A point charge Q moves on the x-axis in the positive direction with a speed of 450 m/s. A point P is on the y-axis at y = +70 mm. The magnetic field produced at point P, as the charge moves through the origin, is equal to -0.8 μT k^. When the charge is at x = +40 mm, what is the magnitude of the magnetic field at point P? (μ0 = 4π × 10-7 T · m/A)

Hey guys so I am having trouble understanding this problem. Well I actually understand the problem, but I am having trouble applying the formulas.

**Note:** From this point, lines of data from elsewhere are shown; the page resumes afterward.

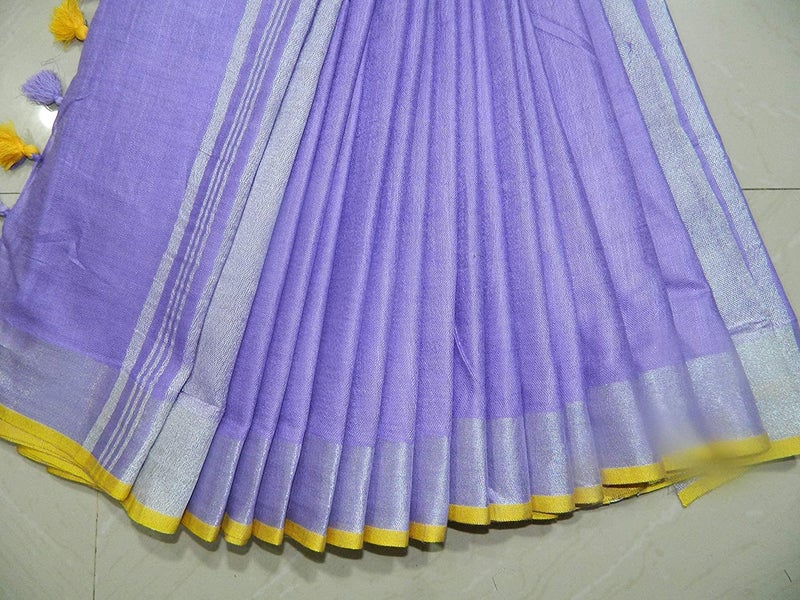 SheenKraft Bhagalpuri Linen Handloom Cotton Blend Saree for Women (Indigo_Purple-Yellow) - Image 2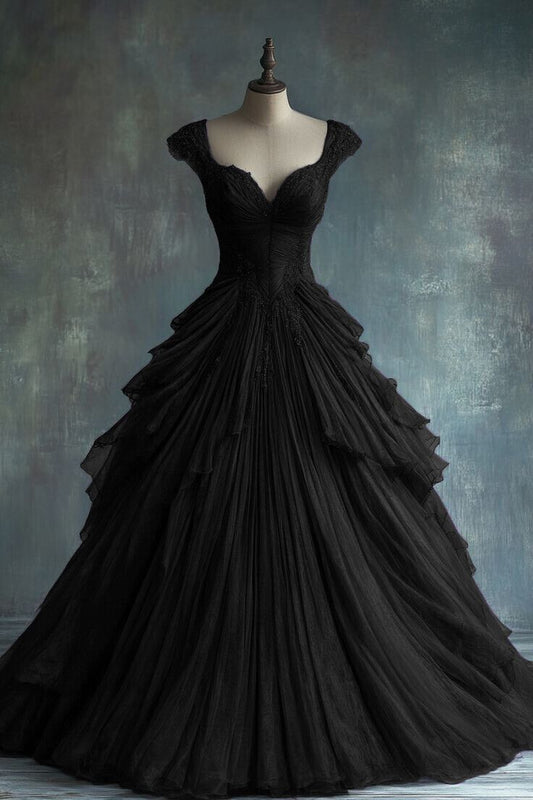 Vintage Ball Gown Sweetheart Tulle Long Prom Dress, Party Dress, Evening Dress GG2424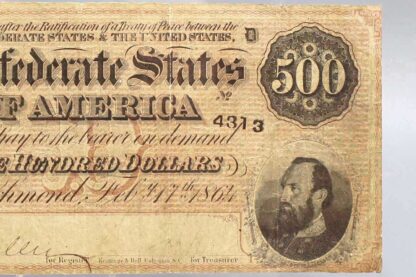 American Civil War CSA 1864 $500 Dollars Bank Note . CWM257 - Image 4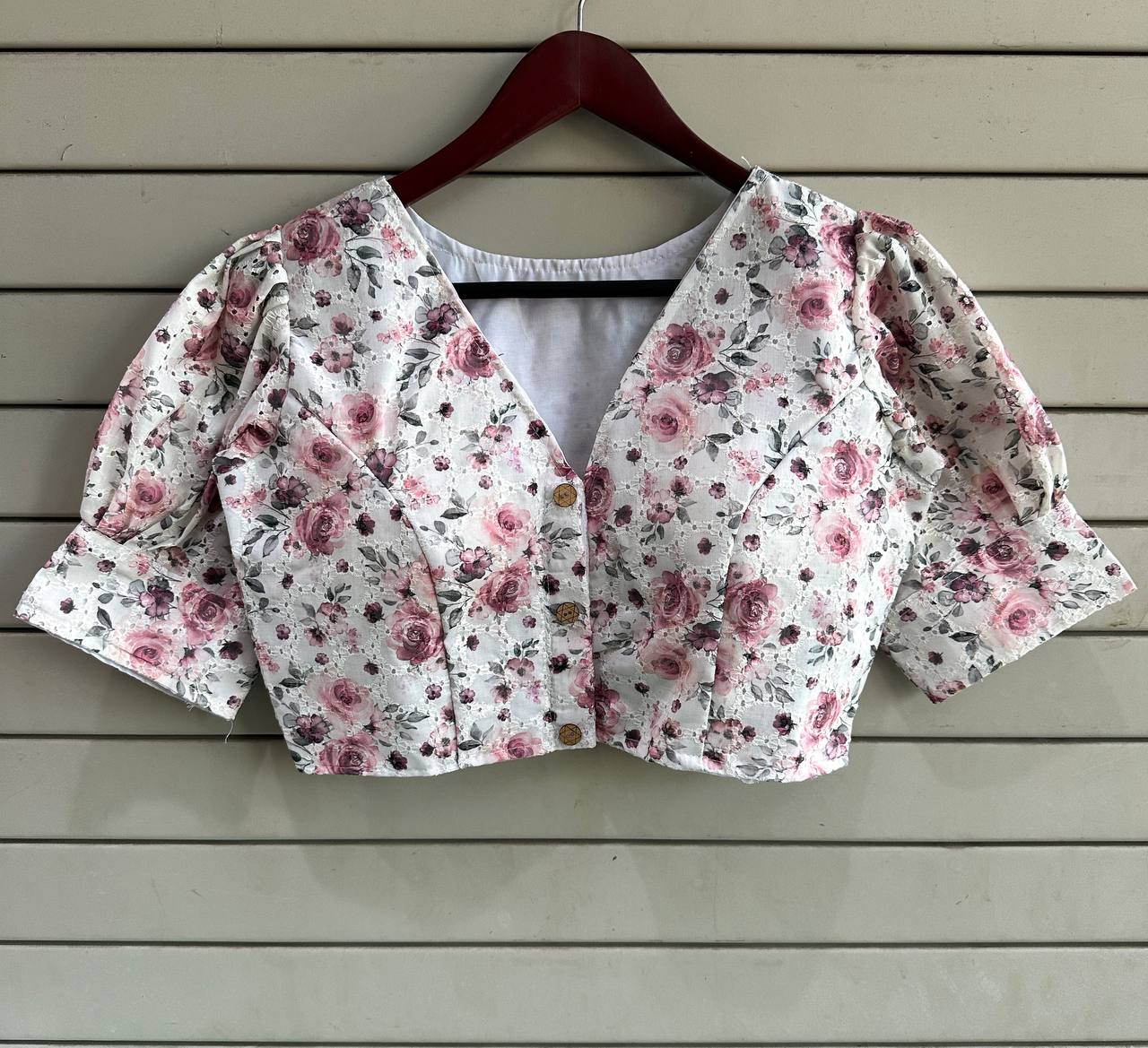 Hakoba Pure Cotton Designer Blouse With Puff Sleeves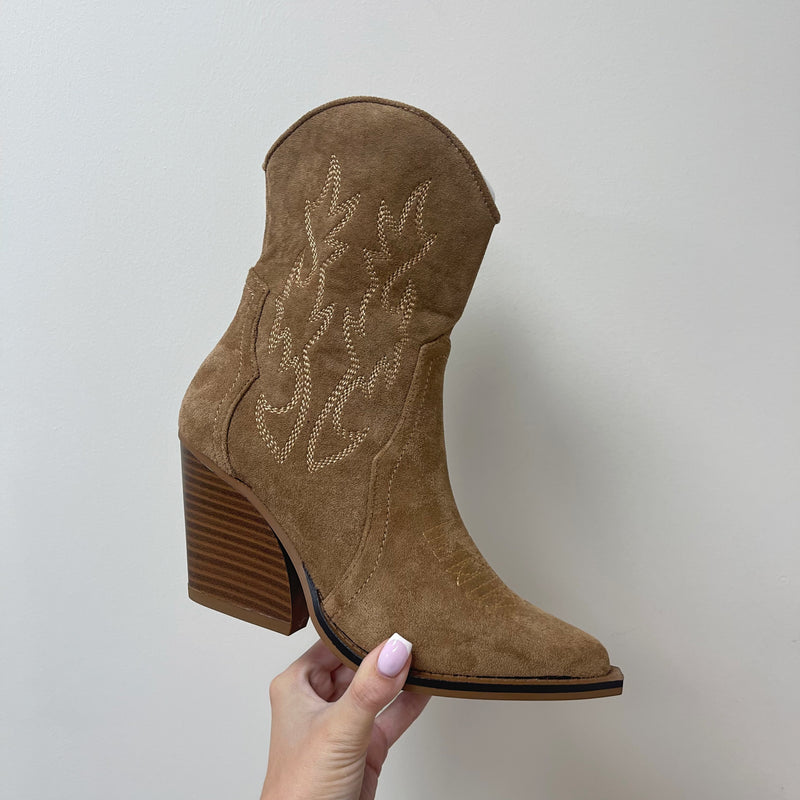 TAYLOR Toffee Premium Suede Western Boots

I understand that to do that problem I need to use the formula for the magnetic field created by a moving point charge. B=(μ_0 q r x v)/(4π r^2) to solve for the charge.
I did this for position one where the degree between the angle will be sin(90)=1 and got -.00124C.
I then applied the equation again to solve for the magnetic field at the new position. My trouble I am having is the cross product between r and v at this locations. I put r into unit vector form and crossed it with v in the positive x direction, but I do not get the right answer.

2. Oct 16, 2014

ehild

The formula for B is not correct. It should be $$\vec B = \frac {\mu_0}{4\pi} Q \frac{\vec v\times\hat r}{r^2}$$
so you have to cross the velocity with the unit vector pointing from the charge to P.
ehild

3. Oct 16, 2014

Jstuff

Okay, so then I am crossing (450i) x (.O4i-.07j)1/.08. Correct?

4. Oct 16, 2014

ehild

If 0.08 in the denominator stands for $\sqrt{65}$ then it is approximately correct.